Numerous lovers of his writing are paying tribute to him this Wednesday, May 1. Starting with the Minister of Culture Rachida Dati: “Paul Auster was more than a friend of France, a lover of its culture,” she wrote in a tweet. “Writer and translator, he did a lot to make French literature known across the Atlantic. Thoughts for his loved ones, family and friends. French culture has lost a great channel.”

“Cult writer”

Françoise Nyssen, the former Minister of Culture between 2017 and 2018, was moved by the death of the author in front of the microphone of France Inter, noting that it was not “I’m not really in the mood to talk about it.” Before adding: “But he was such a huge man that it must be repeated, made known and read again and again.”

For Discharge, looks back on forty years of human and artistic relationship.

The Cannes Film Festival also paid tribute to Paul Auster, who dabbled in cinema several times during his screenwriting career.
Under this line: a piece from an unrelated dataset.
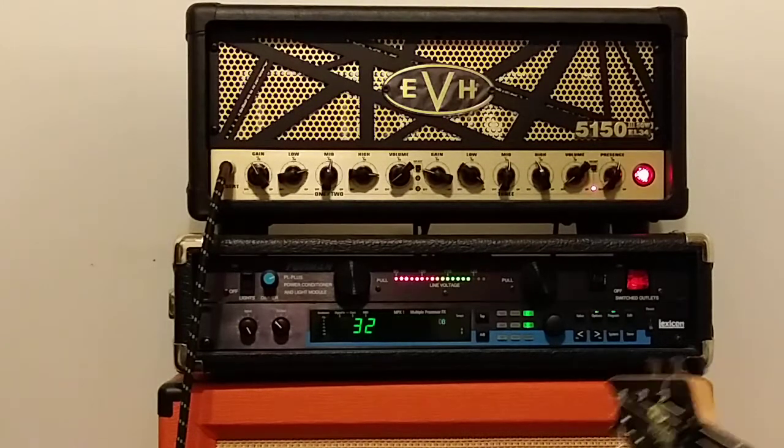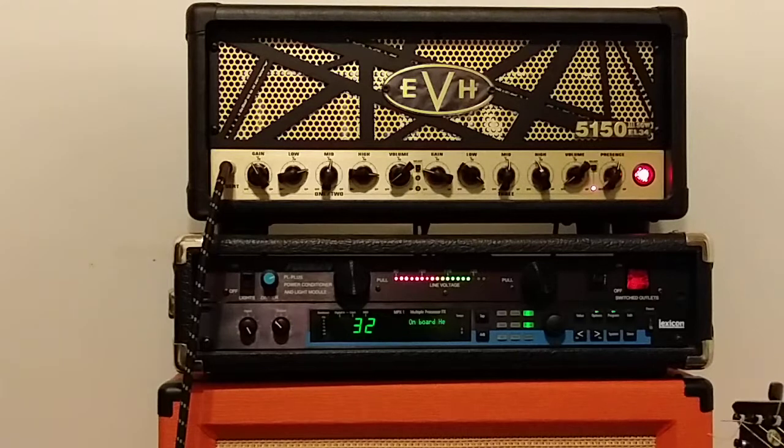So there you have it, guys — it's the EVH EL34 50-watt head, available at Guitar Center. See ya!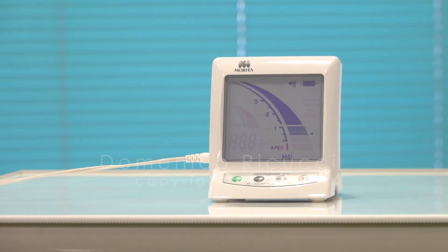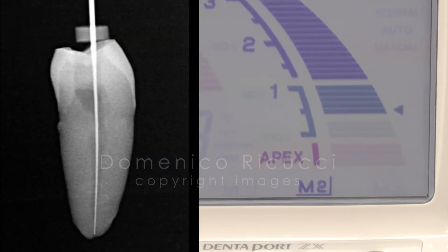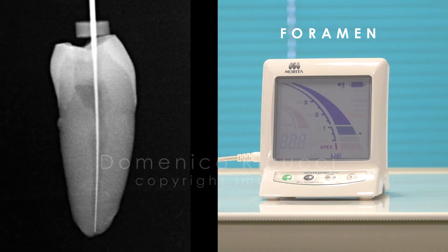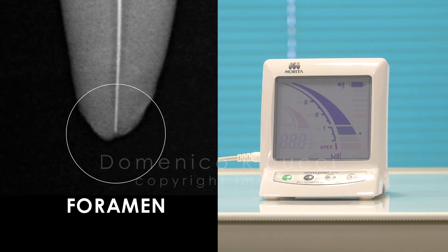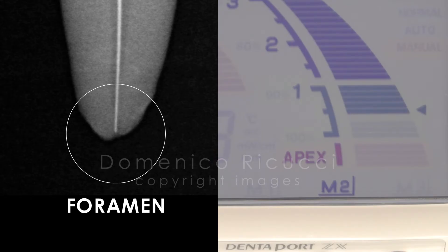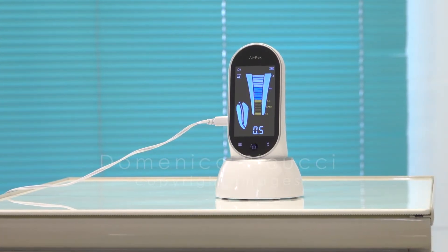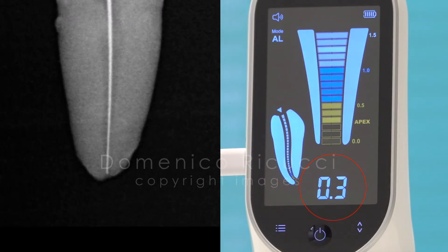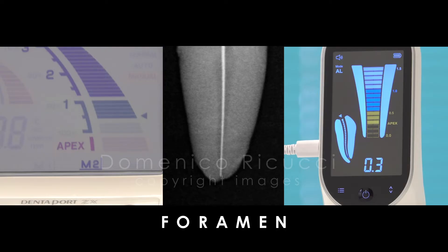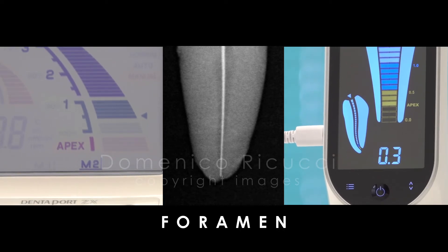The next step was reaching the zero reading point with the Morita device. According to our observations, this point corresponds to the foramen. A radiograph indicates that the tip of the instrument is now closer to the radiographic apex. The file was then inserted at the same depth and the measurement made with the Apex Woodpecker. The device gave the measurement of 0.3. So the zero reading point for the foramen is given by Morita at the middle of the green scale, and at the value of 0.3 by the Woodpecker.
He contributed to the film Smokewhich features lost souls gravitating around Brooklyn shops, and its sequel Brooklyn boogietwo films made with Wayne Wang.

“With the passing of Paul Auster, one of the most fiery voices in the city that never sleeps has died. The talent of this great American novelist, the author of forty books translated around the world – including the New York Trilogy and Leviathan – transferred to the big screen »announces the festival on Twitter. “Also a screenwriter, actor and director, Paul Auster was a member of the feature film jury in 1997. With great sadness to learn that he has left us.”

A talent clearly praised in the world of publishing. The house Actes Sud, which published all the works of Paul Auster in France, reacted in the morning to the announcement of the writer’s death, emphasizing “opportunity” that she had to count him among her authors. “Paul Auster is not, in the Actes Sud catalog, one author among others. His encounter with our publications – almost as unknown at the time as he himself was in his own country – dates back to Hubert Nyssen’s trip to New York in the mid-1980s. reminds the publisher in the press release. “Being his editor – or his editor, in this case Marie-Catherine Vacher – was an opportunity and became for Actes Sud a calling card that circulated among Paul Auster’s ever-widening circle of friends.”